異世界の魔女と四大王国 〜始まりの魔法と真実の歴史〜

2-5. 専属医師

 ユウリの傷口に薬を塗り終え、大きめの絆創膏を貼りながら、オットーは素朴な疑問を口にした。

「で、君の『最小限』って、一体どういう頻度をいうのかな?」

 う、と言葉に詰まる彼女に、オットーは出来の悪い子供を見るような目を向ける。

 先日正に青天の霹靂で医療塔に現れた《始まりの魔女》と呼ばれる少女は、どういったわけか生傷が絶えない。
 学園長の命令に背く気は毛頭ないが、オットーはほぼ二日に一回という頻度で訪れる彼女にサボり時間を削られ、少々うんざりしていた。

「なんだか、やっぱり、ユージンさんが余計なことした気がするんです」
「ユージンくん? ああ、あの正論で相手ぶん殴りに行って状況悪化させそうな子ね」
「その通りなんですぅううう! オットー先生なんでわかるの!?」
「そりゃあ、君たちより長生きしてる大人ですからね」

 ユウリによると、ユージンが考えた対策として『イジメ、ダメ、絶対』とか『加害生徒処罰の事例』とかいったものを、ご丁寧にもカウンシル名義で掲示板に貼り出したため、嫌がらせがより陰湿化したという。
 一人の女生徒のためにカウンシルが動いた事実に、他の生徒達は嫉妬と羨望をより高めたのだろう。
 更にそのことによって、ロッシから『心理学でも学び直せ』と嫌味を言われたユージンが超絶不機嫌で、執務室での指導時間が地獄らしく、本日の医務塔訪問も、彼から半ば八つ当たり的に、普段ならなんとも言われない傷を見咎められてのことらしい。

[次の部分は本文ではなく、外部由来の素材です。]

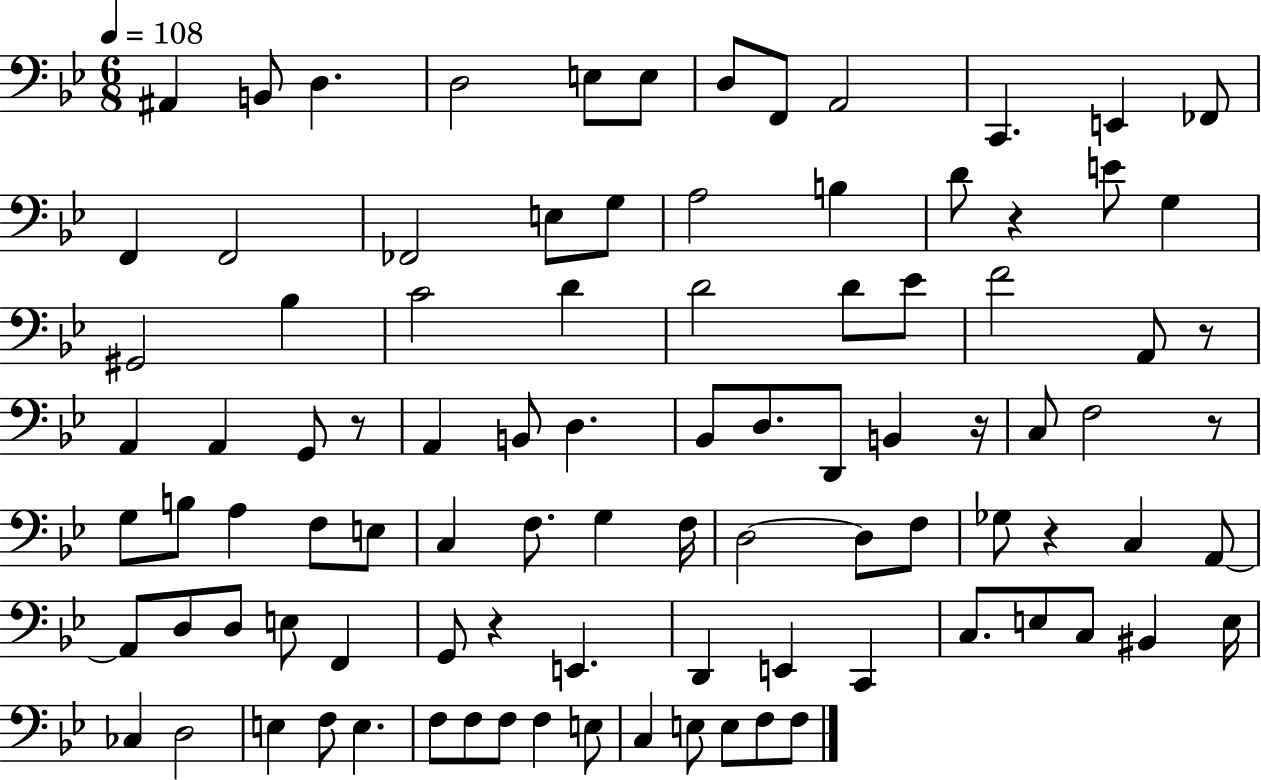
X:1
T:Untitled
M:6/8
L:1/4
K:Bb
^A,, B,,/2 D, D,2 E,/2 E,/2 D,/2 F,,/2 A,,2 C,, E,, _F,,/2 F,, F,,2 _F,,2 E,/2 G,/2 A,2 B, D/2 z E/2 G, ^G,,2 _B, C2 D D2 D/2 _E/2 F2 A,,/2 z/2 A,, A,, G,,/2 z/2 A,, B,,/2 D, _B,,/2 D,/2 D,,/2 B,, z/4 C,/2 F,2 z/2 G,/2 B,/2 A, F,/2 E,/2 C, F,/2 G, F,/4 D,2 D,/2 F,/2 _G,/2 z C, A,,/2 A,,/2 D,/2 D,/2 E,/2 F,, G,,/2 z E,, D,, E,, C,, C,/2 E,/2 C,/2 ^B,, E,/4 _C, D,2 E, F,/2 E, F,/2 F,/2 F,/2 F, E,/2 C, E,/2 E,/2 F,/2 F,/2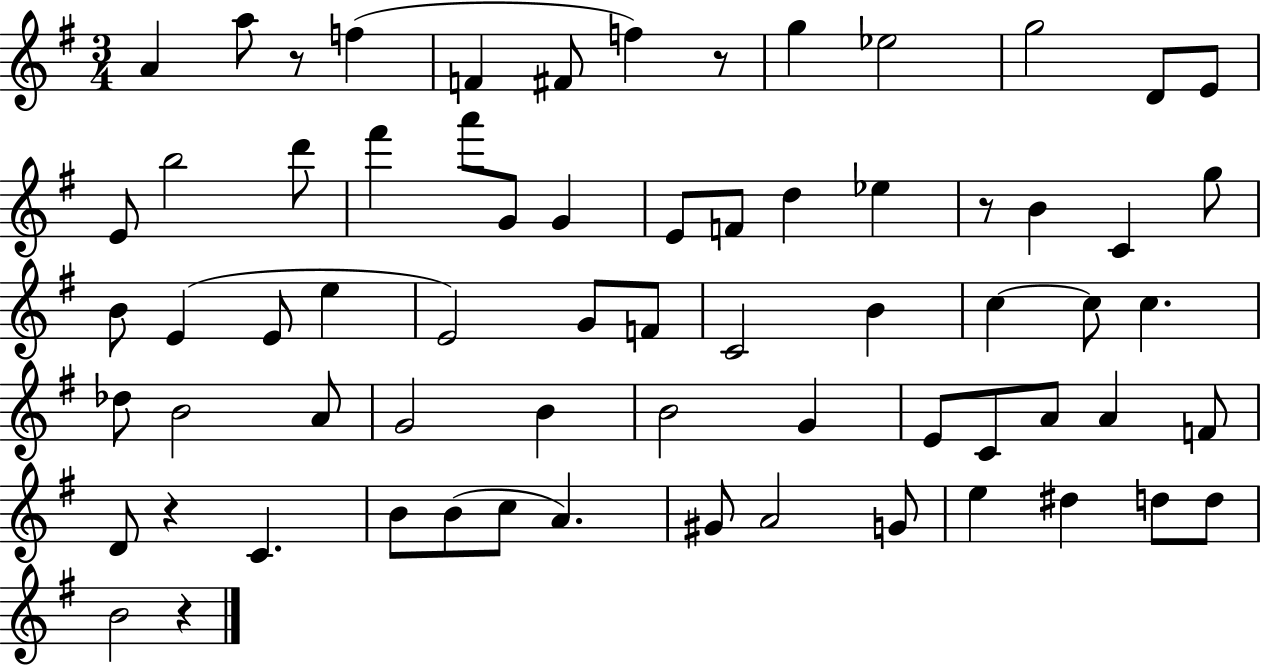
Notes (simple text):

A4/q A5/e R/e F5/q F4/q F#4/e F5/q R/e G5/q Eb5/h G5/h D4/e E4/e E4/e B5/h D6/e F#6/q A6/e G4/e G4/q E4/e F4/e D5/q Eb5/q R/e B4/q C4/q G5/e B4/e E4/q E4/e E5/q E4/h G4/e F4/e C4/h B4/q C5/q C5/e C5/q. Db5/e B4/h A4/e G4/h B4/q B4/h G4/q E4/e C4/e A4/e A4/q F4/e D4/e R/q C4/q. B4/e B4/e C5/e A4/q. G#4/e A4/h G4/e E5/q D#5/q D5/e D5/e B4/h R/q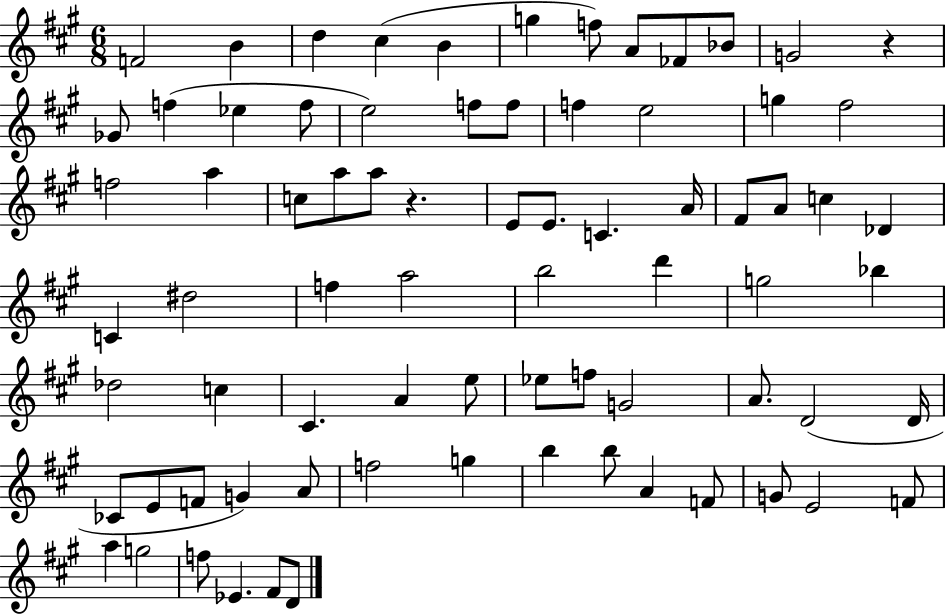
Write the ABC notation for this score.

X:1
T:Untitled
M:6/8
L:1/4
K:A
F2 B d ^c B g f/2 A/2 _F/2 _B/2 G2 z _G/2 f _e f/2 e2 f/2 f/2 f e2 g ^f2 f2 a c/2 a/2 a/2 z E/2 E/2 C A/4 ^F/2 A/2 c _D C ^d2 f a2 b2 d' g2 _b _d2 c ^C A e/2 _e/2 f/2 G2 A/2 D2 D/4 _C/2 E/2 F/2 G A/2 f2 g b b/2 A F/2 G/2 E2 F/2 a g2 f/2 _E ^F/2 D/2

「でも、先生にやってもらうと、いつもより早く綺麗に治るんで嬉しいです」
「ああ、そりゃどうも」

 ふにゃりと無垢な笑顔で笑われて、オットーは複雑な気分になる。

 オットーが、純粋に修めた《物理医療技術》は、『失われた魔法』よりも更に古い『失われた知識』の一つとされている。
 《始まりの魔女》が現れてから魔法が産まれたことにより、置き換えられ廃れてしまったそれ以前の事象や知識、技術を総じてそう呼ぶ。
 はるか東方に伝わる御伽噺の中でそれに出会った幼いオットーは、その魅力の虜になった。
 誰しもが持っている魔力、誰もが使える魔法——それらが存在する以前にあった技術。
 一切の魔力を使わずに己の手と道具だけで人を治すといった、一見荒唐無稽なようでいてその実人間の本質に迫ったような錯覚を覚えるこの技術は、人体に関する膨大な知識を必要とし、また、それを扱う繊細な技術を身につけなければならず、それらを持つ限られた医師のみに使用が許されていたようだ。
 特別な者のみに許された特別な技術は、純粋な好奇心と、子供っぽい承認要求を満たすのに丁度良かった。
 マイナーな学問の中でも極めてマニアックなそれを学びたいがために、その研究の第一人者が属する医療学校に進学したのだ。
 実用には程遠いその技術を、まさか自分が実際に職務の一環として使用する日が来るとは思ってもみなかった。

に、今君が頼っているなんて、面白いな」
「え?」
「なんでもない、独り言だ。ほら、一応予備の湿布と傷薬持って行っとけ」
「ありがとうございます」

 ——《魔女》専属医師という肩書きも、まあ悪くはないか

 オットーは走り去っていくユウリの背中を見送りながら、そんなことを思った。